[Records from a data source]

- - - - -

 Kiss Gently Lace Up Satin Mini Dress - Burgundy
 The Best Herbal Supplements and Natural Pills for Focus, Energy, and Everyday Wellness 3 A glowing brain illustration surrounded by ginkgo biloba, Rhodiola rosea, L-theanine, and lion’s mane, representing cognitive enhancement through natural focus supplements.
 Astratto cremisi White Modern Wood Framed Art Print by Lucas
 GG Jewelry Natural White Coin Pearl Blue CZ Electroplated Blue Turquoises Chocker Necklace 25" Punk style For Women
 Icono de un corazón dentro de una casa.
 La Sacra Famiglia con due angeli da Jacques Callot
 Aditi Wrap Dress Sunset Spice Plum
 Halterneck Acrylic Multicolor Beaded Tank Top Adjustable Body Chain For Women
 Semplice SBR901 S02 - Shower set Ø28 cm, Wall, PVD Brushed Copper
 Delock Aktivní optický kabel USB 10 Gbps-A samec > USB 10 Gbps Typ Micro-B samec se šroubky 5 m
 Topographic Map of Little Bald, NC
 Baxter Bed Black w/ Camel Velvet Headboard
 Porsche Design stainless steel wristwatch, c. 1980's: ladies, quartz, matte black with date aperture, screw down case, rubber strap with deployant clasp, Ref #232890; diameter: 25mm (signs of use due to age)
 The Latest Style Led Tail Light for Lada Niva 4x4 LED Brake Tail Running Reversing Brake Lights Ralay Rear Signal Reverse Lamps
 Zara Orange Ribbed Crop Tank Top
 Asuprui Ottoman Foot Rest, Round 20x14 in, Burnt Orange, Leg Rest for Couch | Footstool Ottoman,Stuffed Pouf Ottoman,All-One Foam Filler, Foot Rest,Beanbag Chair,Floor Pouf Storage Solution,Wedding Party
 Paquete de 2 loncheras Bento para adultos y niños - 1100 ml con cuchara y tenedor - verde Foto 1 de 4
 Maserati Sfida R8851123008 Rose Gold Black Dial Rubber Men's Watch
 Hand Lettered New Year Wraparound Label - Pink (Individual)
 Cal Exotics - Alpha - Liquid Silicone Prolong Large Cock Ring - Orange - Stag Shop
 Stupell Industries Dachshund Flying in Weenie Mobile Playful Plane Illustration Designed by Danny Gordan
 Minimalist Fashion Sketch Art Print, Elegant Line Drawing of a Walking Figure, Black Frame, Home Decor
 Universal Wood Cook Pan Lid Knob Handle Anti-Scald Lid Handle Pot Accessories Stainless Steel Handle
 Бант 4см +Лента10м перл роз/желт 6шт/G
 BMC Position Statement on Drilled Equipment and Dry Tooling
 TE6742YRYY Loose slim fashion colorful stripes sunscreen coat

- - - - -

Nothing in the entries may change. Retype them all.

 Kiss Gently Lace Up Satin Mini Dress - Burgundy
 The Best Herbal Supplements and Natural Pills for Focus, Energy, and Everyday Wellness 3 A glowing brain illustration surrounded by ginkgo biloba, Rhodiola rosea, L-theanine, and lion’s mane, representing cognitive enhancement through natural focus supplements.
 Astratto cremisi White Modern Wood Framed Art Print by Lucas
 GG Jewelry Natural White Coin Pearl Blue CZ Electroplated Blue Turquoises Chocker Necklace 25" Punk style For Women
 Icono de un corazón dentro de una casa.
 La Sacra Famiglia con due angeli da Jacques Callot
 Aditi Wrap Dress Sunset Spice Plum
 Halterneck Acrylic Multicolor Beaded Tank Top Adjustable Body Chain For Women
 Semplice SBR901 S02 - Shower set Ø28 cm, Wall, PVD Brushed Copper
 Delock Aktivní optický kabel USB 10 Gbps-A samec > USB 10 Gbps Typ Micro-B samec se šroubky 5 m
 Topographic Map of Little Bald, NC
 Baxter Bed Black w/ Camel Velvet Headboard
 Porsche Design stainless steel wristwatch, c. 1980's: ladies, quartz, matte black with date aperture, screw down case, rubber strap with deployant clasp, Ref #232890; diameter: 25mm (signs of use due to age)
 The Latest Style Led Tail Light for Lada Niva 4x4 LED Brake Tail Running Reversing Brake Lights Ralay Rear Signal Reverse Lamps
 Zara Orange Ribbed Crop Tank Top
 Asuprui Ottoman Foot Rest, Round 20x14 in, Burnt Orange, Leg Rest for Couch | Footstool Ottoman,Stuffed Pouf Ottoman,All-One Foam Filler, Foot Rest,Beanbag Chair,Floor Pouf Storage Solution,Wedding Party
 Paquete de 2 loncheras Bento para adultos y niños - 1100 ml con cuchara y tenedor - verde Foto 1 de 4
 Maserati Sfida R8851123008 Rose Gold Black Dial Rubber Men's Watch
 Hand Lettered New Year Wraparound Label - Pink (Individual)
 Cal Exotics - Alpha - Liquid Silicone Prolong Large Cock Ring - Orange - Stag Shop
 Stupell Industries Dachshund Flying in Weenie Mobile Playful Plane Illustration Designed by Danny Gordan
 Minimalist Fashion Sketch Art Print, Elegant Line Drawing of a Walking Figure, Black Frame, Home Decor
 Universal Wood Cook Pan Lid Knob Handle Anti-Scald Lid Handle Pot Accessories Stainless Steel Handle
 Бант 4см +Лента10м перл роз/желт 6шт/G
 BMC Position Statement on Drilled Equipment and Dry Tooling
 TE6742YRYY Loose slim fashion colorful stripes sunscreen coat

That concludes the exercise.